▶ What this task involves: Among the entries below, only the lines from the one with "Một hình ảnh" through the one with "175 Woodlake Dr - Photo 3 of 40" are wanted, reproduced exactly. Pictures are not wanted.

▶ Available data:
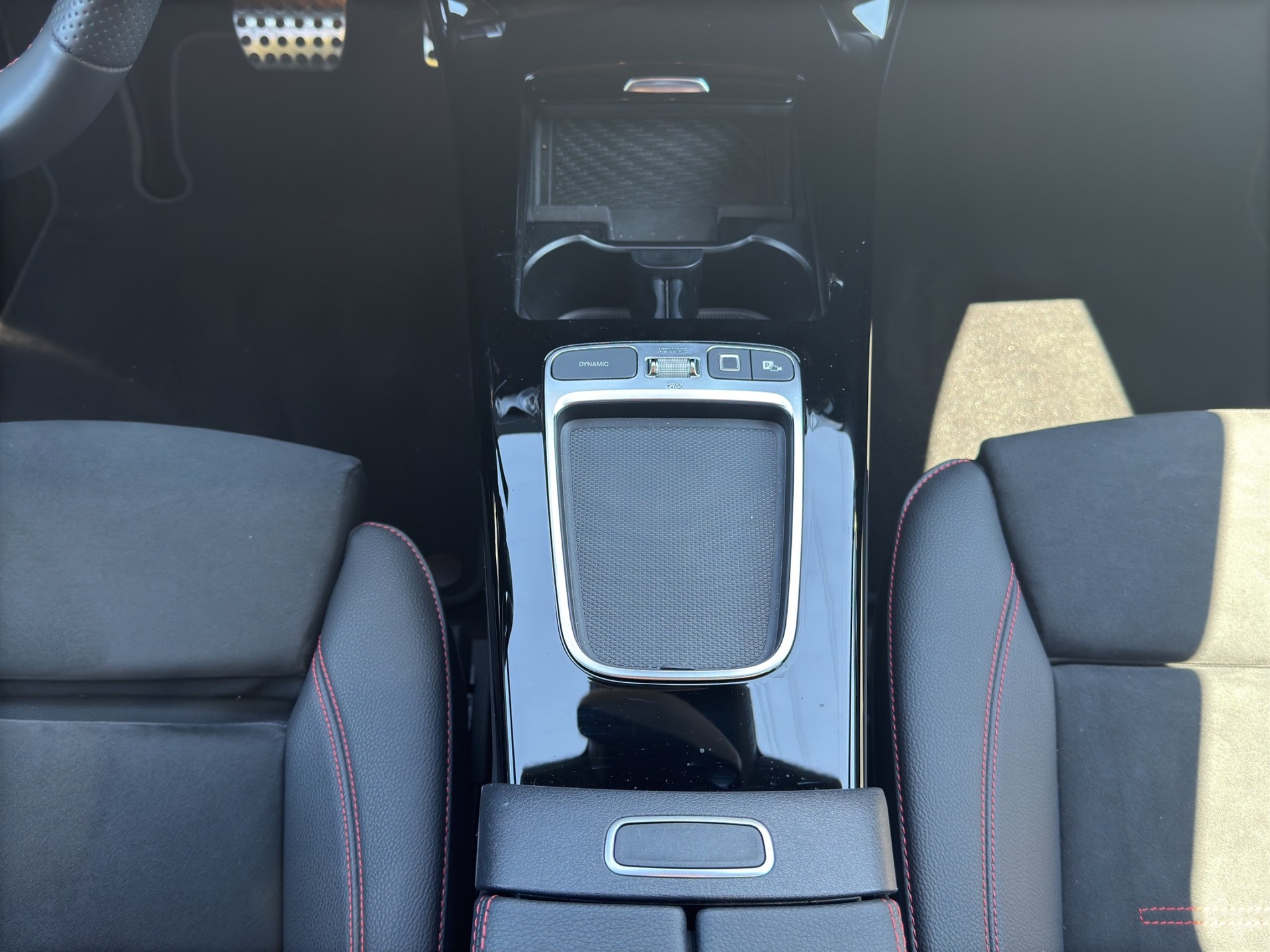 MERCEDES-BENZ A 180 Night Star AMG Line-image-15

...

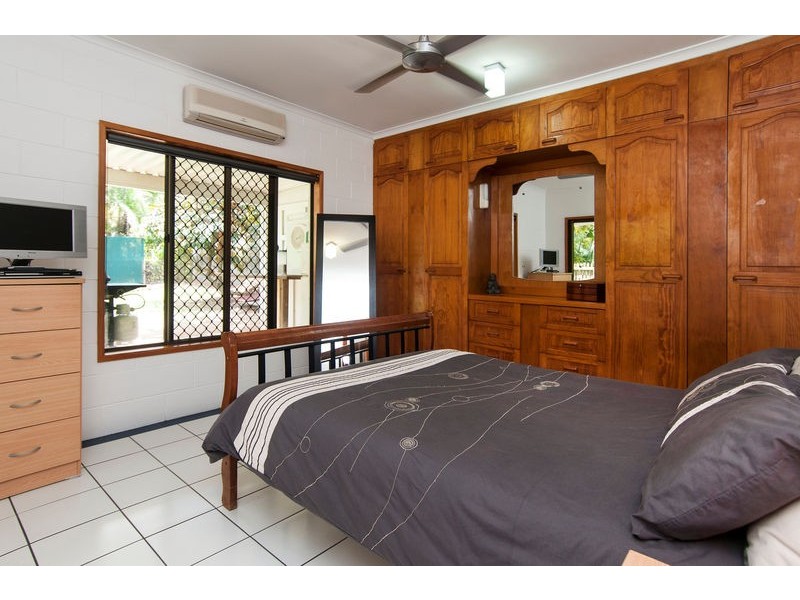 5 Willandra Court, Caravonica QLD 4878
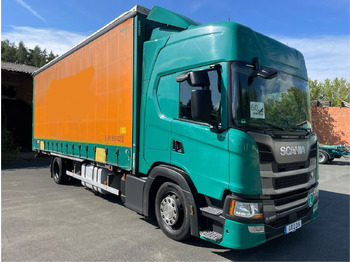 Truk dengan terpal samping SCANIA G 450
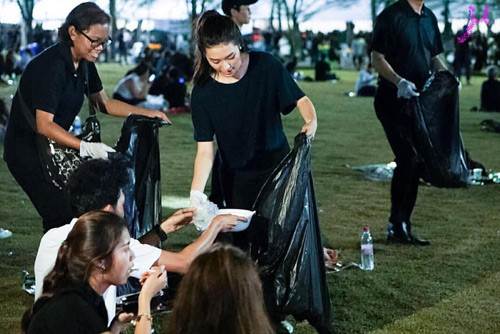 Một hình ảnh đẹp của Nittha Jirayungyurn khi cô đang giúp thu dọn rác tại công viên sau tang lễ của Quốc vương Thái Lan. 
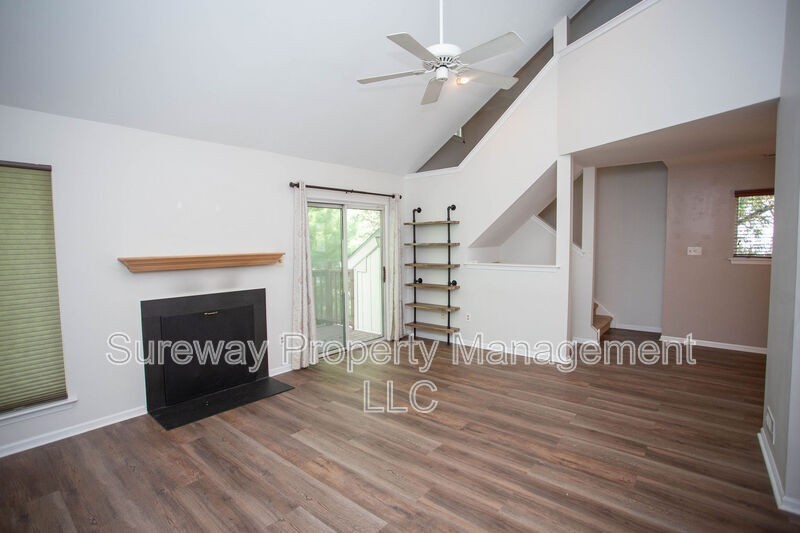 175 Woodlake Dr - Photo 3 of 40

▶ Task result:
 Một hình ảnh đẹp của Nittha Jirayungyurn khi cô đang giúp thu dọn rác tại công viên sau tang lễ của Quốc vương Thái Lan. 
 175 Woodlake Dr - Photo 3 of 40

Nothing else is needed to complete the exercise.